I had the classic quiet person’s spirit growing up. I was in love with beauty and language and literature and all things deep and beautiful.

And then, I fell dangerously in love with the theater.

I was eight and enrolled in a class (long enough ago) called “elocution.” I was to recite a poem whose words were so achingly beautiful to me that speaking them aloud all alone on that stage, bathed in that loving white light, was the most peaceful, spiritual feeling I’d experienced indoors. And ohh, that sensation of being deeply listened to, of communing with a silent rapt audience, well—as the youngest of a loud family—I’d arrived in heaven.

And so, cut to pouring my life force into becoming an actress. I’ve made my living doing it, but (as the great Joni Mitchell once sang) “one of the dreams that lost its grandeur coming true” was that so very often—in the theater, on a set, in an office—the pushy extrovert won the day, while I sat quietly by, feeling strangely mute. I so often found that sort of suck-up-all-the-oxygen-in-the-room personality to be exhausting (and generally irritating) and all too often felt myself to be—regardless of my ability to transform—temperamentally unsuited for my chosen profession.

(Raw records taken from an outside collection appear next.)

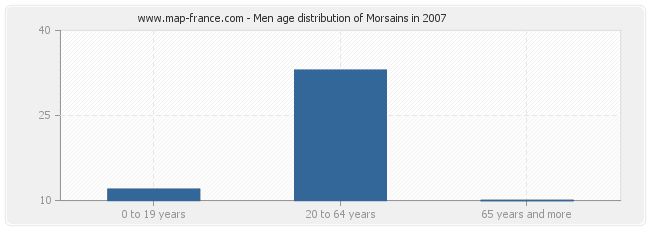 Men age distribution of Morsains in 2007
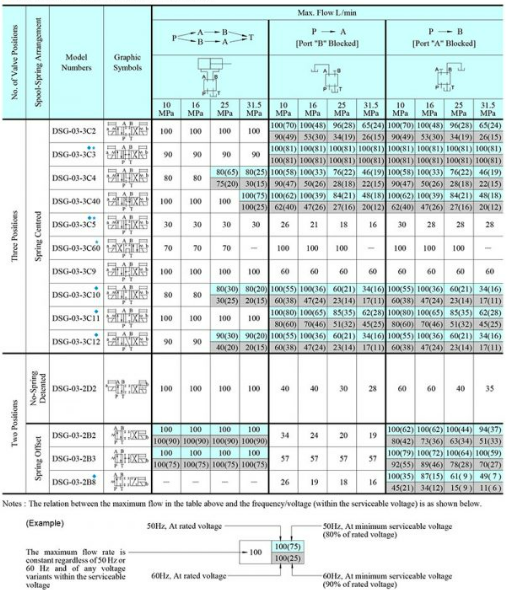 Bảng thông số lưu lượng DSG-03-3C3-A240-50 Yuci Yuken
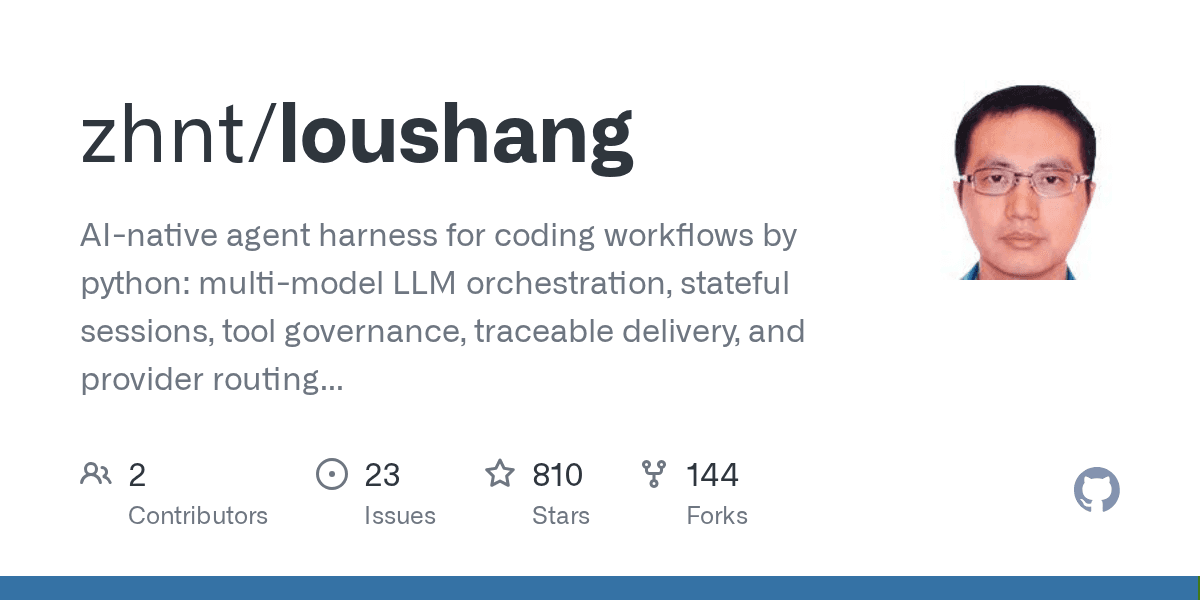 zhnt/loushang
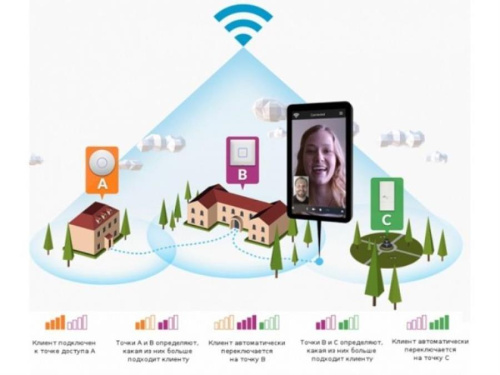 изображение Ubiquiti UniFi AP 3 Pack Точка доступа магазин Компании Интерком-НН фото 3 картинка Ubiquiti UniFi AP 3 Pack Точка доступа от магазина Интерком-НН фото 3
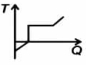 Option D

As the frenzy of fame began to fiendishly grow from three channels to five hundred, as red carpets and cameras and all the trappings thereof multiplied exponentially, I found I was both terrified and allergic to pushing myself out there, grasping for the attention. And yet, I still depended on the system to make my living and to be seen as being cooperative. Especially since the characters I played were fractional people—that’s why they call ‘em parts and not wholes—and though I was and am truly grateful for the work, I was also profoundly artistically frustrated.

So I sculpted; I sang; I wrote songs; I even, briefly, tried to become a teacher. But kismet led me to writing and singing an odd little alt-country rock album called “DidnWannaDoIt!”, then to filming a performance art music video of the title track, and then to writing and recording an audiobook. I’m now pushing out a solo show, not at all because my personality is even remotely comfortable with or looking forward to the idea, but it seems to be a soul imperative that won’t be ignored.

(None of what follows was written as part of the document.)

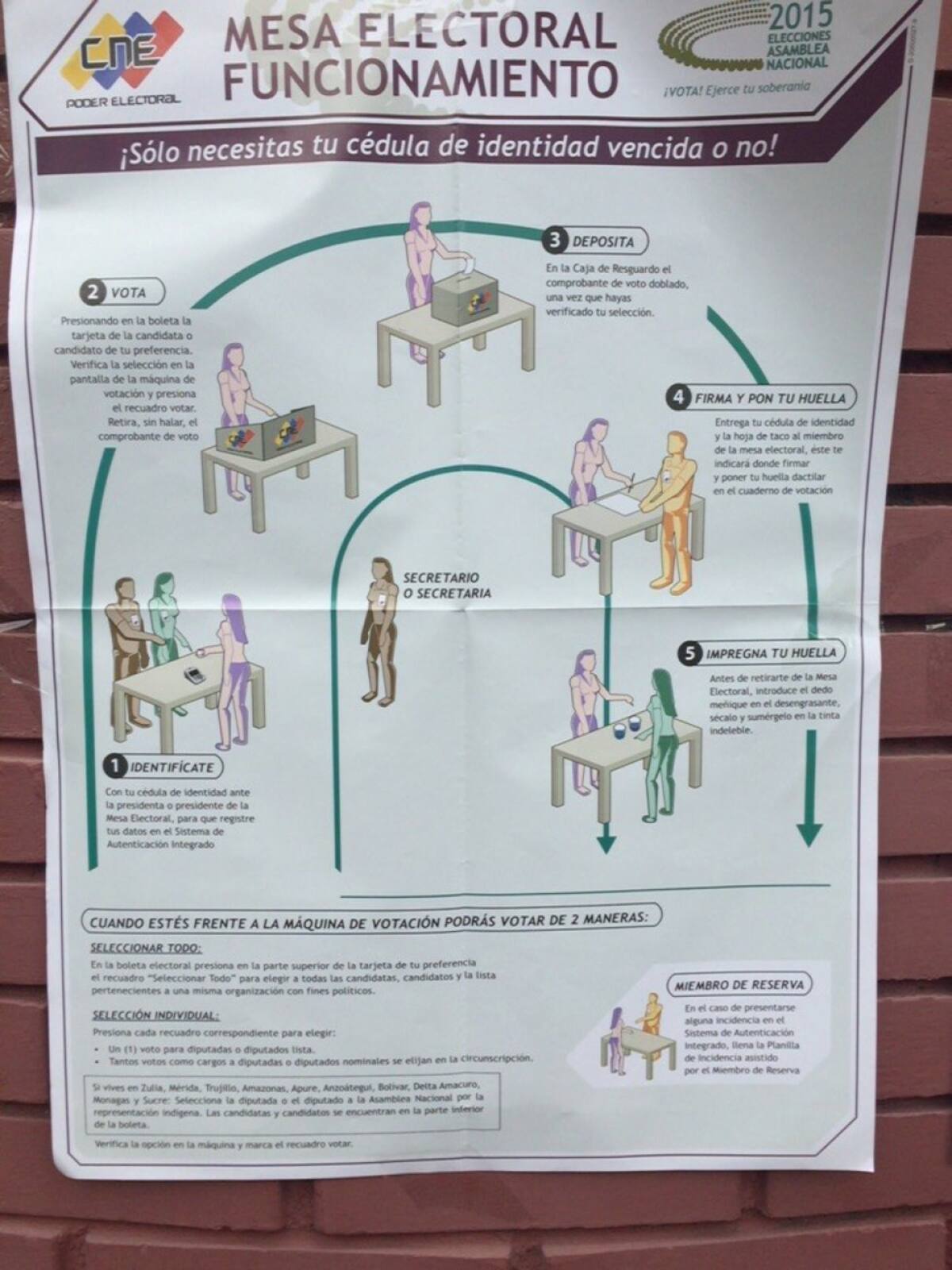 Venezuela elige la nueva Asamblea Nacional en medio de una profunda crisis económica y un ambiente polarizado.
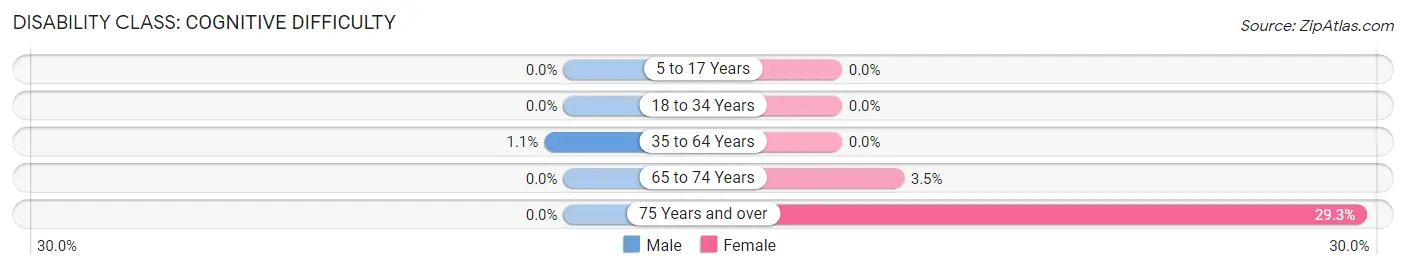 Disability in Zip Code 90094: <span>Cognitive Difficulty</span>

And therein lies the constantly tricky part: I find it terribly, emotionally uncomfortable, even painful, to have these necessarily extroverted talents and yet a quiet and peaceable nature—especially in the performing arts, especially in this country.

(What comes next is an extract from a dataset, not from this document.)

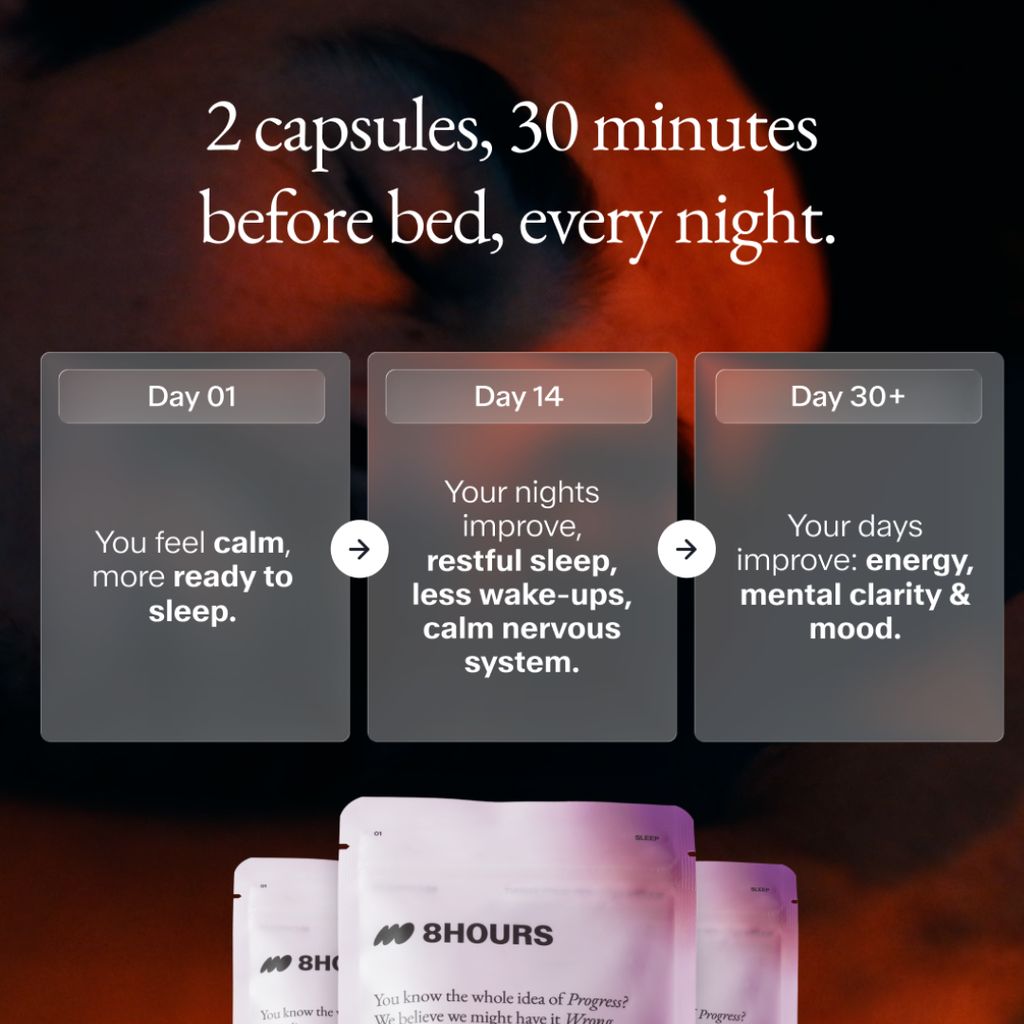 Sleep & Recovery - Image 5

I have become very good at acting as if I’m comfortable in almost any public situation, and I’ve become quite convincing (after all, I am a card-carrying, professional pretender). But the endless self-promotion, the getting on stage, and the walking into new crowds still feels like walking through rings of fire every time.

But also like so many of you, I keep on keeping on. I dance with my inward and outward demons, still feeling ever so at odds with it all.